▸ **PROBLEM STATEMENT**: Reproduce the entries that follow exactly, dropping each image.

▸ **EXTRACTED ENTRIES**:
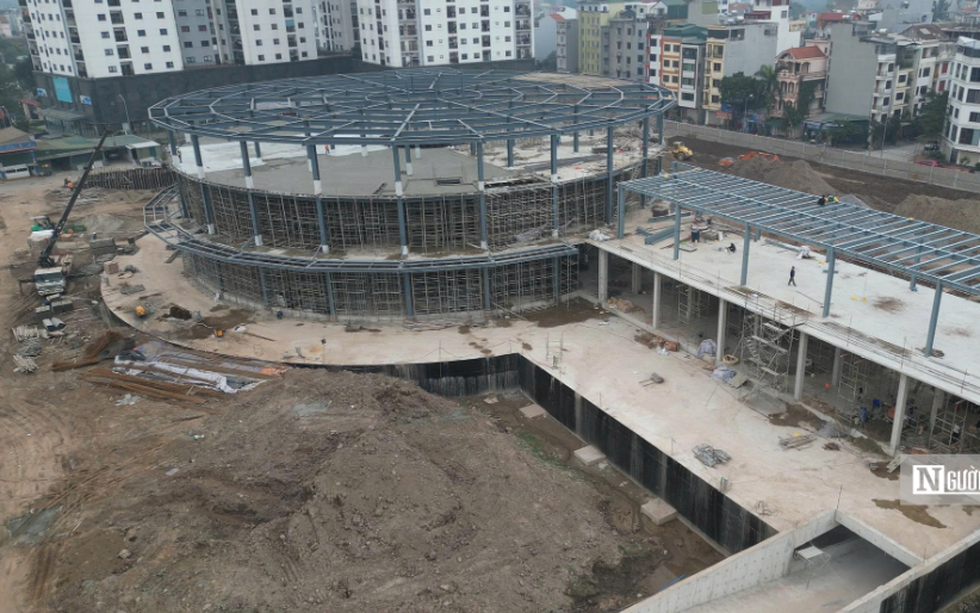 Chỉ ít tháng nữa, sẽ hoàn thành bến xe khách thứ 7 hiện đại nhất Hà Nội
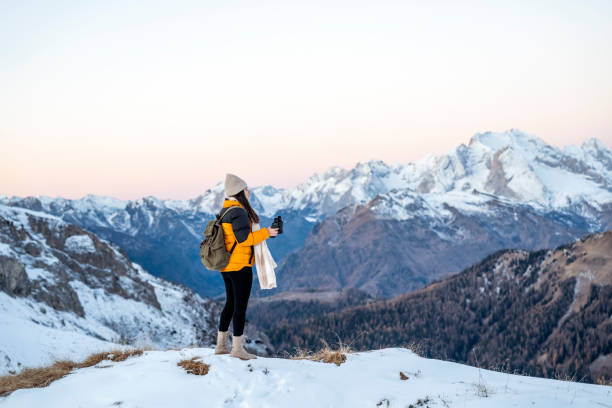 istock Woman Hiking In The Mountains 1451148692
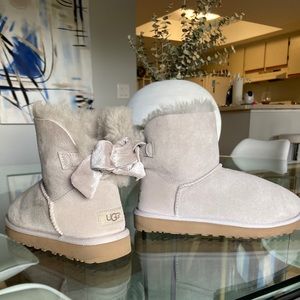 UGG Women's Mini Bailey Boots w/ Bow Detail
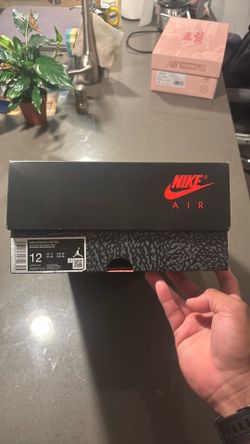 Jordan 3 Black cement size 12 men’s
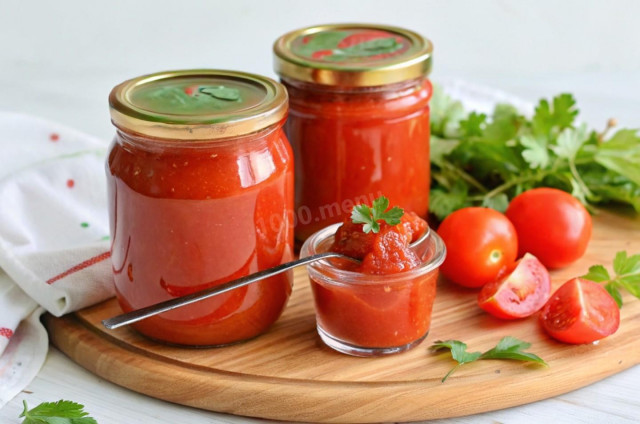 Томатная паста домашняя без соли и без сахара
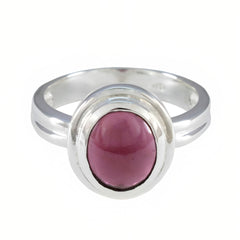 Kristine Sophisticated Red Solitaire Ring Garnet Red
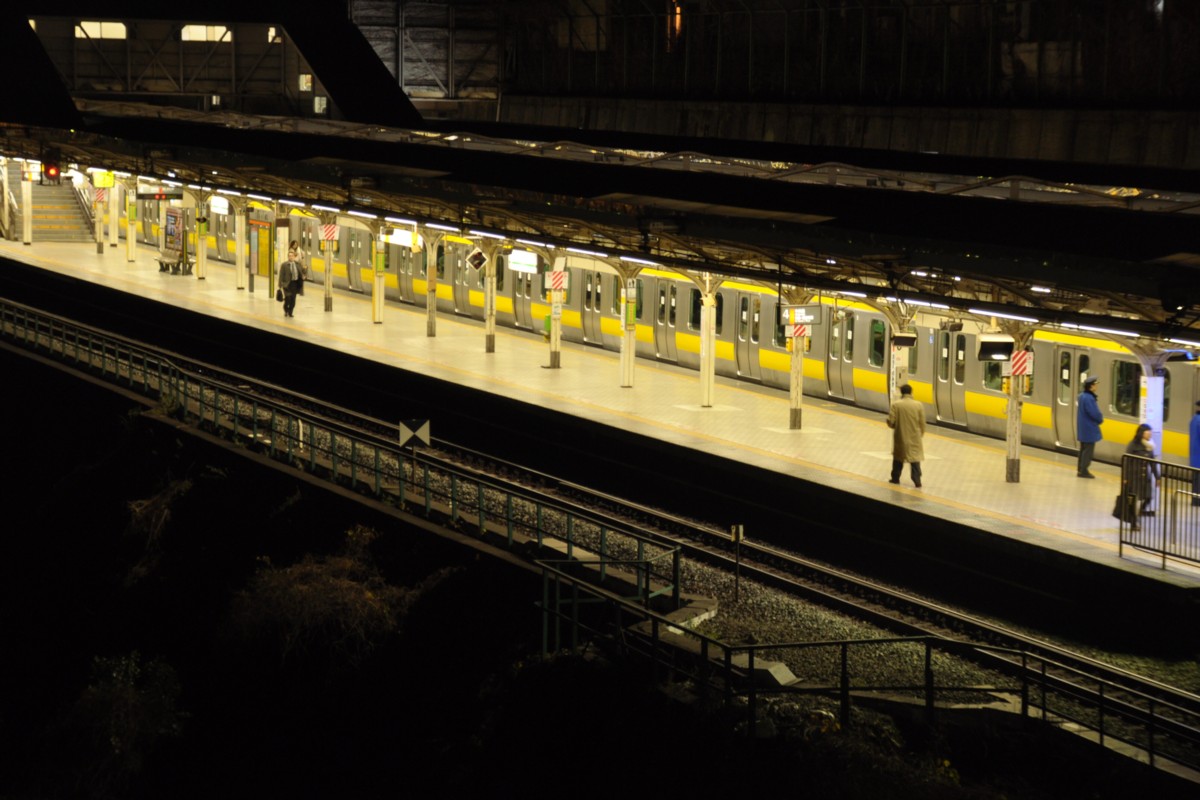 撮影・御茶ノ水駅・夜景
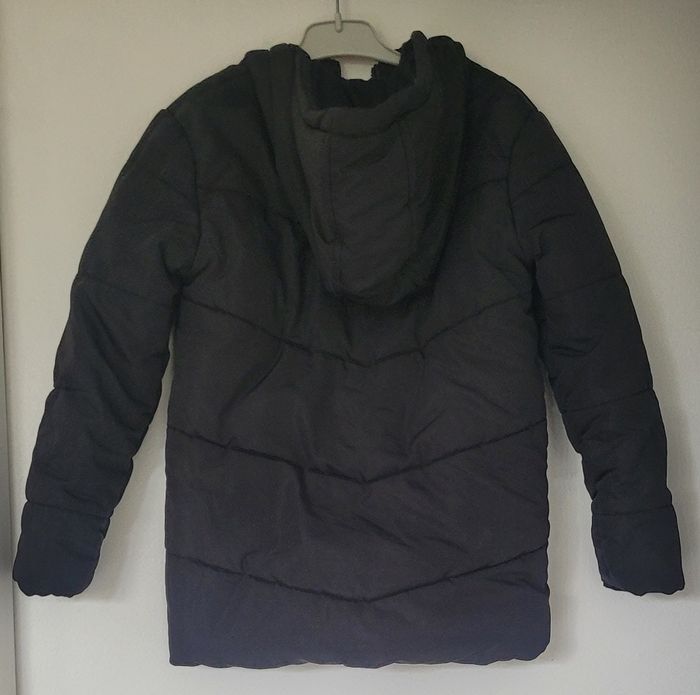 Veste d'hiver noire fille avec intérieur fourrure marque Tex - photo numéro 3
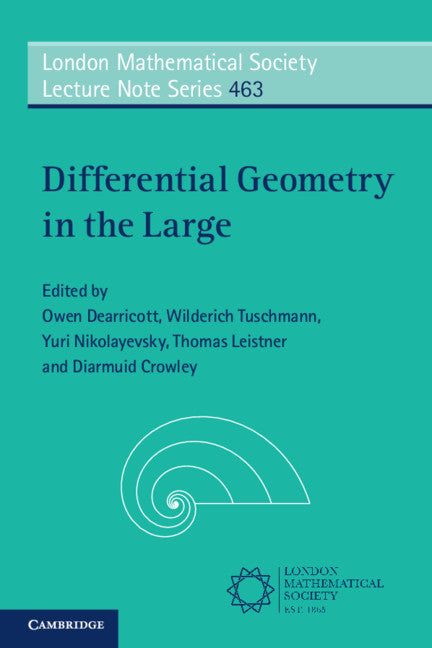 Differential Geometry in the Large (Paperback / softback) 9781108812818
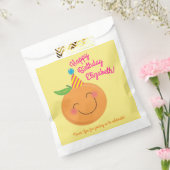 リトルかわいこちゃんタンジェリンバースデーパーティー フェイバーバッグ (封をした状態)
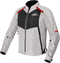 LS2 Mens Breeze Jacket - Grey/Black/Red — Motorcycle Gear (image 1 of 2)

▸ **RESPONSE**:
 Chỉ ít tháng nữa, sẽ hoàn thành bến xe khách thứ 7 hiện đại nhất Hà Nội
 istock Woman Hiking In The Mountains 1451148692
 UGG Women's Mini Bailey Boots w/ Bow Detail
 Jordan 3 Black cement size 12 men’s
 Томатная паста домашняя без соли и без сахара
 Kristine Sophisticated Red Solitaire Ring Garnet Red
 撮影・御茶ノ水駅・夜景
 Veste d'hiver noire fille avec intérieur fourrure marque Tex - photo numéro 3
 Differential Geometry in the Large (Paperback / softback) 9781108812818
 リトルかわいこちゃんタンジェリンバースデーパーティー フェイバーバッグ (封をした状態)
 LS2 Mens Breeze Jacket - Grey/Black/Red — Motorcycle Gear (image 1 of 2)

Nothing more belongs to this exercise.